Congressional Republican leadership opened up a new line of attack on Supreme Court nominee Elena Kagan Wednesday. But once again, the ghost of Harriet Miers, President Bush's SCOTUS nominee, haunted their efforts.
On the day that he sat down with Obama's pick for the Court, Senate Minority Leader Mitch McConnell (R-Ky.) went to the Senate floor to express concerns about the Solicitor General's independence from the president(s) she served.
"She's never had to develop the judicial habit of saying no to an administration, and we can't simply assume that she would," McConnell said.
Taken alone, the attack on Kagan for having held largely political posts ignores the fact that those posts were hardly the only jobs she's held. As Solicitor General for Obama and deputy chief of staff at the Domestic Policy Council for Bill Clinton, Kagan was tasked -- first and foremost -- with carrying out the legal objectives of the administration. But she's held positions outside of politics that certainly allowed her to "say no" to a White House: whether as a clerk to Justice Thurgood Marshall, her time in private practice, or as dean of Harvard Law School.
But where McConnell falls short is with consistency. If dependence on a president was a disqualifier for a Supreme Court nominee, then the Kentucky Republican would have had major objections to Bush's choice of Harriet Miers -- the White House counsel whose career was essentially tied to Bush, a man she called the "best governor ever," "cool," and "the greatest!"
When Miers was nominated, however, McConnell was effusive with praise.
"Ms. Miers has an exemplary record of service to our country," he said after her nomination. "She will bring to the Court a lifetime of experience in various levels of government, and at the highest levels of the legal profession. She is a woman of tremendous ability and very sound judgment. ...She is well qualified to join the nation's highest court. ... She will make a fine addition to the Supreme Court, and I look forward to her confirmation."

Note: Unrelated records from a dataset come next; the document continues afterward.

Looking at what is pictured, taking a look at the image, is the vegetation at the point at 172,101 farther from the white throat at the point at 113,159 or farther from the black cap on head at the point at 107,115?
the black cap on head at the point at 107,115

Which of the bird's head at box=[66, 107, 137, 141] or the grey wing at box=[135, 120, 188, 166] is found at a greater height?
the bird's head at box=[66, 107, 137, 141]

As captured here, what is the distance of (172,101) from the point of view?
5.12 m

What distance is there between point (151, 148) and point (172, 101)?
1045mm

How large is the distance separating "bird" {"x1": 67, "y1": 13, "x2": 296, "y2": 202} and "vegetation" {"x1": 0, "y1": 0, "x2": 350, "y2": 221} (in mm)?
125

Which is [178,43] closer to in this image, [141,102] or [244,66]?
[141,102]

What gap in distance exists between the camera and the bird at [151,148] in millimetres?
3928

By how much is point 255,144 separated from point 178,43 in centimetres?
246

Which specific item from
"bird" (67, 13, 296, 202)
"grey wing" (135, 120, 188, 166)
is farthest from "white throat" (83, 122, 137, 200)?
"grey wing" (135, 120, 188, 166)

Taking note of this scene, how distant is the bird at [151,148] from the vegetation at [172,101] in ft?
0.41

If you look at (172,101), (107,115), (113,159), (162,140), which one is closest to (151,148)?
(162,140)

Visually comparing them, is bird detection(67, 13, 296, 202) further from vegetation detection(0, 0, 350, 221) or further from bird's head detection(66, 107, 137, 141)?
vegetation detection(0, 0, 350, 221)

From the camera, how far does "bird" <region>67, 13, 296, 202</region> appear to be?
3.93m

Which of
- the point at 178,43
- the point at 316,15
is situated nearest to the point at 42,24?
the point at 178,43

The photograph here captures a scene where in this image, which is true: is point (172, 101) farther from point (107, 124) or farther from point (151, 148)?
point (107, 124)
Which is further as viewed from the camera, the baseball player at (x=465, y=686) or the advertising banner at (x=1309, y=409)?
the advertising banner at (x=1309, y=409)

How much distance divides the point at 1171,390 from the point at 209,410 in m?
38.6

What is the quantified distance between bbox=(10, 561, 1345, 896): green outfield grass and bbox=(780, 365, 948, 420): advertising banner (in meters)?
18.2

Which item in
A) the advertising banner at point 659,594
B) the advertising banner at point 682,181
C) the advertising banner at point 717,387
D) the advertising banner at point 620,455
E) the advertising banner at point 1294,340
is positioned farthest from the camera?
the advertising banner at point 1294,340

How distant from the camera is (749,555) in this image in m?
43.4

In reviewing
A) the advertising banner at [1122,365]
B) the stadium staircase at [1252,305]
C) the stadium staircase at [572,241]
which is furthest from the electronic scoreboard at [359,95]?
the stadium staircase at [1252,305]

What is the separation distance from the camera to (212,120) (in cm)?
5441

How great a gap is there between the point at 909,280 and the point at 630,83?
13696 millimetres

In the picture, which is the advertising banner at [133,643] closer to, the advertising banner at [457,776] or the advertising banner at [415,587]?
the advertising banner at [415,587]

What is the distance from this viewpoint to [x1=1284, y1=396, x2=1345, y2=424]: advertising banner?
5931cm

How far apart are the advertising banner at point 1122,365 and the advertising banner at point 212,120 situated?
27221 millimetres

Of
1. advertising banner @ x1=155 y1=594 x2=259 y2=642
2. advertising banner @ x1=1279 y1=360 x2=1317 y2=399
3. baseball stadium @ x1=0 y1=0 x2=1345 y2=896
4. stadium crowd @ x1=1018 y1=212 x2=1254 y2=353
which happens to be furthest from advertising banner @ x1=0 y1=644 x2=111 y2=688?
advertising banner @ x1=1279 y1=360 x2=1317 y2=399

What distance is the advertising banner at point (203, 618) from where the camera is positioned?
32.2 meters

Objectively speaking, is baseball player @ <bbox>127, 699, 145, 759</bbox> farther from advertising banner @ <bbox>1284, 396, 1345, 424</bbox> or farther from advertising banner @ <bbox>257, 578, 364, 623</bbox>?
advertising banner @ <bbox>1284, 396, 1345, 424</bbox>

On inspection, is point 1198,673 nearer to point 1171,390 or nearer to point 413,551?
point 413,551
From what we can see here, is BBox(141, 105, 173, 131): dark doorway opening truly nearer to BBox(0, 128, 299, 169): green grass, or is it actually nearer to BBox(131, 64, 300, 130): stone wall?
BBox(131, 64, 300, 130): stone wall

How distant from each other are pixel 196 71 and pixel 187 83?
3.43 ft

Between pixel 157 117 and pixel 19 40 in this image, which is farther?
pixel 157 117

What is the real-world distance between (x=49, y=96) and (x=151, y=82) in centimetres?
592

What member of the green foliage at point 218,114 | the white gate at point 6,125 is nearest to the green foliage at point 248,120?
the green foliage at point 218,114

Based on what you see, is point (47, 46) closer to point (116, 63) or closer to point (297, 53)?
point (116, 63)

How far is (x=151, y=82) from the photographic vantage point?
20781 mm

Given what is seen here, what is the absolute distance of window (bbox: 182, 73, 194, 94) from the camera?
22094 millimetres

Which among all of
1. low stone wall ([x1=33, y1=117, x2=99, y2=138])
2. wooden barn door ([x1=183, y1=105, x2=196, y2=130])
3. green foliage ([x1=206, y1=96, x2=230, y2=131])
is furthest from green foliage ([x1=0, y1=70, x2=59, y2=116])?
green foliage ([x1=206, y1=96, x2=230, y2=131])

Miers, in the end, was opposed by Republicans not because of she was perceived to be a "rubber stamp" for Bush (that's what concerned Democrats). Rather they were compelled to object after conservative activists raised concerns about her sparse resume or written record.

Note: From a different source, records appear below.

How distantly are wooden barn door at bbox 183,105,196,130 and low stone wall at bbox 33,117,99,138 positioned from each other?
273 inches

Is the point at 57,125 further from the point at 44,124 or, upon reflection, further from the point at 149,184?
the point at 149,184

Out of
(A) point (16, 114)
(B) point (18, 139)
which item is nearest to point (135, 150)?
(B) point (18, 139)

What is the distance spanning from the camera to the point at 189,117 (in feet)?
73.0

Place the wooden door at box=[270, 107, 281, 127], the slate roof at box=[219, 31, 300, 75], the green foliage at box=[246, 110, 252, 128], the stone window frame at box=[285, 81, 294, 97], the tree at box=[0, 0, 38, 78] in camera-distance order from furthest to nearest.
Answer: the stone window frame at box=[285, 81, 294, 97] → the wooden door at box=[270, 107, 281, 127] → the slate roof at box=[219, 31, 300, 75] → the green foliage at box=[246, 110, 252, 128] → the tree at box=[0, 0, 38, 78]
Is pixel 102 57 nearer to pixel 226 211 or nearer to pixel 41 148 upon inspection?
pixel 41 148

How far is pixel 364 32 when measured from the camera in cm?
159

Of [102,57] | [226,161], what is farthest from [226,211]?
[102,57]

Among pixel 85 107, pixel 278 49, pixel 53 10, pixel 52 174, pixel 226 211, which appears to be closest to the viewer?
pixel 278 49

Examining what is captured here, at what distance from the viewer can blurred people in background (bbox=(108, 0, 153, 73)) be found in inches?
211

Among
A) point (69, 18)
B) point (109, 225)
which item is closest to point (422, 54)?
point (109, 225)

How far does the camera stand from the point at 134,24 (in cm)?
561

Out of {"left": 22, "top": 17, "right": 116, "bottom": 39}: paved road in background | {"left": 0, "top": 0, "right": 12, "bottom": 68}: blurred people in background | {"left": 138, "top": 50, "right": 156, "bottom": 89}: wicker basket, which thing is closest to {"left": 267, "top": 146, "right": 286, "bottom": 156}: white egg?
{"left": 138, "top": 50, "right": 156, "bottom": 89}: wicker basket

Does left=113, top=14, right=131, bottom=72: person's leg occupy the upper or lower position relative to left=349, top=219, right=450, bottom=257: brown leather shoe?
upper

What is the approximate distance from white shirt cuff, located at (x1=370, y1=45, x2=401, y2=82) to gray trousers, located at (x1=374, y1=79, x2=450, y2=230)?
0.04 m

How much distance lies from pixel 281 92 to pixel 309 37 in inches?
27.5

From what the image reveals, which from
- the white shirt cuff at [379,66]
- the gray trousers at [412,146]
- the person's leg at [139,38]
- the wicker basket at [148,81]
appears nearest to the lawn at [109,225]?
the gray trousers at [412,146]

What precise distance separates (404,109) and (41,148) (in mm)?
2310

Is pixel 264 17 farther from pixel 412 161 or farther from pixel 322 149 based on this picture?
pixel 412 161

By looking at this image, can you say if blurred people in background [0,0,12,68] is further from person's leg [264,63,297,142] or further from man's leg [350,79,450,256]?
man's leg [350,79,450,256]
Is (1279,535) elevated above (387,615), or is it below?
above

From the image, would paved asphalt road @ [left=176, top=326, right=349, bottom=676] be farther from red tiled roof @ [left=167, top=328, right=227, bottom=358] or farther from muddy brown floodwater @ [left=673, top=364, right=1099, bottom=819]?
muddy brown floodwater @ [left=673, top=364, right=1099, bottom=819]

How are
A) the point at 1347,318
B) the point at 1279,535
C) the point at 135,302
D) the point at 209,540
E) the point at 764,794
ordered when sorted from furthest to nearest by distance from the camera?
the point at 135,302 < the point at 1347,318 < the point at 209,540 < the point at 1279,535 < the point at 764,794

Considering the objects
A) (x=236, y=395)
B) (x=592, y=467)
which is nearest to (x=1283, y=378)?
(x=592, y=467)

On this front, too, her nomination still haunts the Republican Party. As several major GOP figures have gone after Kagan for not having the requisite judicial experience for the court, even middle-of-the-road news outlets have been compelled to point to statements they made in support of Miers. On Wednesday, the Associated Press put out a piece titled "SPIN METER: GOP senators' shifting standards."
So, Senator, how much does judicial experience matter when considering a Supreme Court nominee?

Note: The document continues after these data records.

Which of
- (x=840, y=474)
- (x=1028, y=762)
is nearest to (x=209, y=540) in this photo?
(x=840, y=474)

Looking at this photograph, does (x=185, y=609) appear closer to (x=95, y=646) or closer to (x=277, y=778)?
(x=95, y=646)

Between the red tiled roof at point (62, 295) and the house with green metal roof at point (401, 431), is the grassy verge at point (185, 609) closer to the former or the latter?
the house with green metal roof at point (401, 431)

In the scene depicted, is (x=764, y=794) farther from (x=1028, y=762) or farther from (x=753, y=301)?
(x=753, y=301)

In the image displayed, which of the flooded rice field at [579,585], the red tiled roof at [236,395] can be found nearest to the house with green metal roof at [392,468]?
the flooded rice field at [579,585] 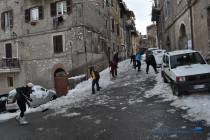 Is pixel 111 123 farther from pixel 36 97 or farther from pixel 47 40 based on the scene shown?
pixel 47 40

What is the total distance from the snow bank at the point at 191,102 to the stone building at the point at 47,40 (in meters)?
10.9

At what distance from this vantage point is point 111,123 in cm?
1149

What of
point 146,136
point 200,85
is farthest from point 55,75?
point 146,136

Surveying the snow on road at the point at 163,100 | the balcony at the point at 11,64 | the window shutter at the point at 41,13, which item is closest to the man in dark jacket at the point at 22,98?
the snow on road at the point at 163,100

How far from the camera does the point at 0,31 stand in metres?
32.8

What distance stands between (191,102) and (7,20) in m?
23.8

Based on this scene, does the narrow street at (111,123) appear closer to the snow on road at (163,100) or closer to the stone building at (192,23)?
the snow on road at (163,100)

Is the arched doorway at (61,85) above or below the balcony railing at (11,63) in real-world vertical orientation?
below

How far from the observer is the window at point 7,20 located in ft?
106

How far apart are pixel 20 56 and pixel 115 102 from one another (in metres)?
17.9

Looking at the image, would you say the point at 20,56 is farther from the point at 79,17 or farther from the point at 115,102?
the point at 115,102

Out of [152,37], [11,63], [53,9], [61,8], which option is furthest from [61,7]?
[152,37]

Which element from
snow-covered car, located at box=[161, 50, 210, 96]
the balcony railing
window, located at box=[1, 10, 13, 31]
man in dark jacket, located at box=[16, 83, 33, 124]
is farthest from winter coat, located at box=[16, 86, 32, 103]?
window, located at box=[1, 10, 13, 31]

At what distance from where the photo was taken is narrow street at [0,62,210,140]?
9.78 metres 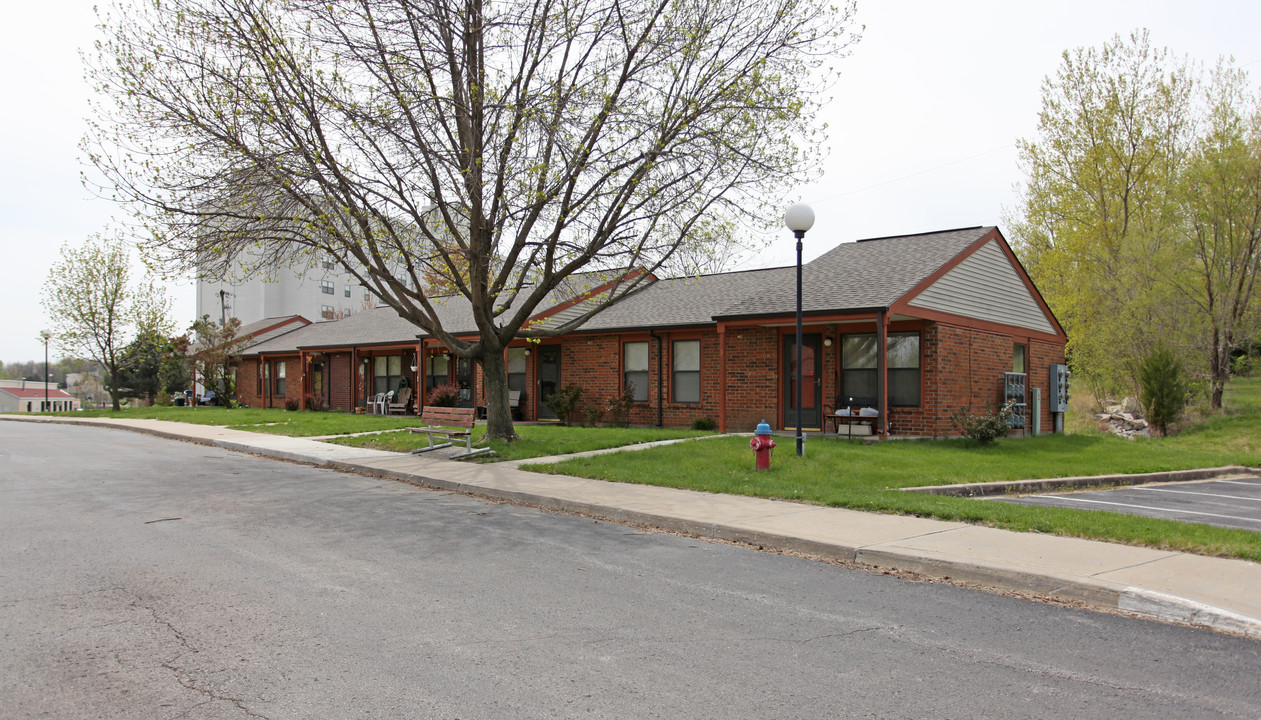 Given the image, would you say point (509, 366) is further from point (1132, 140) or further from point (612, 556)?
point (1132, 140)

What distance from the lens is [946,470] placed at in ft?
40.5

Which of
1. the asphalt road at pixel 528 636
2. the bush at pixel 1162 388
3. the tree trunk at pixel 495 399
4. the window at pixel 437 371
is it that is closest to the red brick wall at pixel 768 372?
the bush at pixel 1162 388

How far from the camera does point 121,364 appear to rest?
39.8 m

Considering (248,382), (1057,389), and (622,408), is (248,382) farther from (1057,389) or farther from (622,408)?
(1057,389)

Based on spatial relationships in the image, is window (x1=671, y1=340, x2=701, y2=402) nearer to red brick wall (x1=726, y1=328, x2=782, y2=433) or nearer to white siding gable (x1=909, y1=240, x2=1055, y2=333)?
red brick wall (x1=726, y1=328, x2=782, y2=433)

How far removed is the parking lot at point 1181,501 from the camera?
31.5ft

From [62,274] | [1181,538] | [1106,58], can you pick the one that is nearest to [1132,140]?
[1106,58]

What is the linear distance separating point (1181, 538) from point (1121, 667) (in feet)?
11.7

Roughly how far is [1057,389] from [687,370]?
401 inches

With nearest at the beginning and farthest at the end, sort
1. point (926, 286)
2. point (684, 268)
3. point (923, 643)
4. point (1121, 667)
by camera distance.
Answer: point (1121, 667) < point (923, 643) < point (684, 268) < point (926, 286)

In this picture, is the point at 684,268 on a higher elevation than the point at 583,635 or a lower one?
higher

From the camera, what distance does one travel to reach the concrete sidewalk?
5.54 metres

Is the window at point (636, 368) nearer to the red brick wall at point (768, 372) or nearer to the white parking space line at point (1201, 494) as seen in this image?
the red brick wall at point (768, 372)

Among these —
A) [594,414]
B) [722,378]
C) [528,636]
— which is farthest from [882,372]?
[528,636] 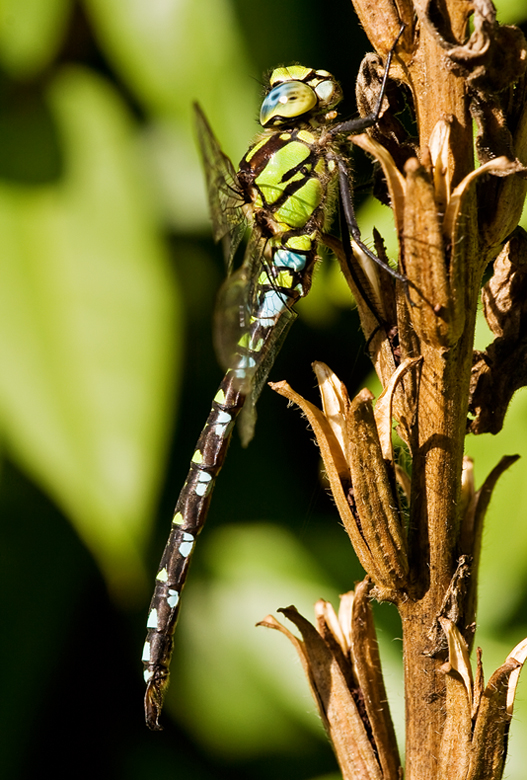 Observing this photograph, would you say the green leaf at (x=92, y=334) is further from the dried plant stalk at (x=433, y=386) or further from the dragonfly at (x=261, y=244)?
the dried plant stalk at (x=433, y=386)

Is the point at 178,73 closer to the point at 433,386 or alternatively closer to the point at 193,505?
the point at 193,505

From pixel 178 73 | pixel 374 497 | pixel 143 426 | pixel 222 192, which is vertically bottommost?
pixel 374 497

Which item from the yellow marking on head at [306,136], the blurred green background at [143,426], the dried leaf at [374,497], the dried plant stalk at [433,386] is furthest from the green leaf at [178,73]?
the dried leaf at [374,497]

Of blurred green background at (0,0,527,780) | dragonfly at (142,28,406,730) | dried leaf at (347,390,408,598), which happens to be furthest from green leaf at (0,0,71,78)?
dried leaf at (347,390,408,598)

It depends on when you're asking.
Republicans now criticizing President Barack Obama's nominee, Solicitor General Elena Kagan, for her lack of judicial experience welcomed that same lack of credentials a few years ago, when a president of their own party nominated a non-judge for the high court.
In 2005, when then-President George W. Bush nominated Harriet Miers to the Supreme Court, plenty of Republicans said they found it refreshing that Miers' experience amounted primarily to her time as a corporate lawyer and Bush aide.